### What the task asks
Print the records below once again, exactly as they were given.

↓↓↓

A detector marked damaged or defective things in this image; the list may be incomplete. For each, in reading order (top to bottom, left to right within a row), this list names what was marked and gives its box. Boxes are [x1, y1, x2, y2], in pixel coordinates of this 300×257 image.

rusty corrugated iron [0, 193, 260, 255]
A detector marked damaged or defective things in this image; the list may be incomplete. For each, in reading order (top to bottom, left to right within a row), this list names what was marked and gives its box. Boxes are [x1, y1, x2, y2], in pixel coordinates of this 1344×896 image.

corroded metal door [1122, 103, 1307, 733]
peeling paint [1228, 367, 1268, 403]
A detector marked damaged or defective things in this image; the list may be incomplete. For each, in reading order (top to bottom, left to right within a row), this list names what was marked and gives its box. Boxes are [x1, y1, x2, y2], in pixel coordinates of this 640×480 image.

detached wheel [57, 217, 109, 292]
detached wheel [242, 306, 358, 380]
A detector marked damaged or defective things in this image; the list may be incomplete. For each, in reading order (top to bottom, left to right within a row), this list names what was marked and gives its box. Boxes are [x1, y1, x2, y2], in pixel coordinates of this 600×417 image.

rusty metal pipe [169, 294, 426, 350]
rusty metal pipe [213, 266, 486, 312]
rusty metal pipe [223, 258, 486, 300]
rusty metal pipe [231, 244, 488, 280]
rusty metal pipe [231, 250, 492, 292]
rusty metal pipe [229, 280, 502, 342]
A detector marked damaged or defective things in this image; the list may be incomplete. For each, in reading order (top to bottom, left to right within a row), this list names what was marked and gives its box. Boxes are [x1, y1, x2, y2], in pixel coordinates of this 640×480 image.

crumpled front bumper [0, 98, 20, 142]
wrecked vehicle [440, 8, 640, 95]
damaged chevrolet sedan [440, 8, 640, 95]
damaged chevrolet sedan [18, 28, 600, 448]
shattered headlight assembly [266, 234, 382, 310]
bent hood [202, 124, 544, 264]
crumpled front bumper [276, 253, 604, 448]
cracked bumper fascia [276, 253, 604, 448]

↑↑↑

### Solution to this exercise
A detector marked damaged or defective things in this image; the list may be incomplete. For each, in reading order (top to bottom, left to right within a row), this list names what was marked and gives its box. Boxes are [x1, y1, x2, y2], in pixel coordinates of this 300×257 image.

rusty corrugated iron [0, 193, 260, 255]
A detector marked damaged or defective things in this image; the list may be incomplete. For each, in reading order (top to bottom, left to right within a row), this list names what was marked and gives its box. Boxes are [x1, y1, x2, y2], in pixel coordinates of this 1344×896 image.

corroded metal door [1122, 103, 1307, 733]
peeling paint [1228, 367, 1268, 403]
A detector marked damaged or defective things in this image; the list may be incomplete. For each, in reading order (top to bottom, left to right within a row), this list names what was marked and gives its box. Boxes are [x1, y1, x2, y2], in pixel coordinates of this 640×480 image.

detached wheel [57, 217, 109, 292]
detached wheel [242, 306, 358, 380]
A detector marked damaged or defective things in this image; the list may be incomplete. For each, in reading order (top to bottom, left to right within a row), this list names what was marked and gives its box. Boxes are [x1, y1, x2, y2], in pixel coordinates of this 600×417 image.

rusty metal pipe [169, 294, 426, 350]
rusty metal pipe [213, 266, 486, 312]
rusty metal pipe [223, 258, 486, 300]
rusty metal pipe [231, 244, 488, 280]
rusty metal pipe [231, 250, 492, 292]
rusty metal pipe [229, 280, 502, 342]
A detector marked damaged or defective things in this image; the list may be incomplete. For each, in reading order (top to bottom, left to right within a row), this list names what was marked and gives its box. Boxes are [x1, y1, x2, y2], in pixel coordinates of this 640×480 image.

crumpled front bumper [0, 98, 20, 142]
wrecked vehicle [440, 8, 640, 95]
damaged chevrolet sedan [440, 8, 640, 95]
damaged chevrolet sedan [18, 28, 600, 448]
shattered headlight assembly [266, 234, 382, 310]
bent hood [202, 124, 544, 264]
crumpled front bumper [276, 253, 604, 448]
cracked bumper fascia [276, 253, 604, 448]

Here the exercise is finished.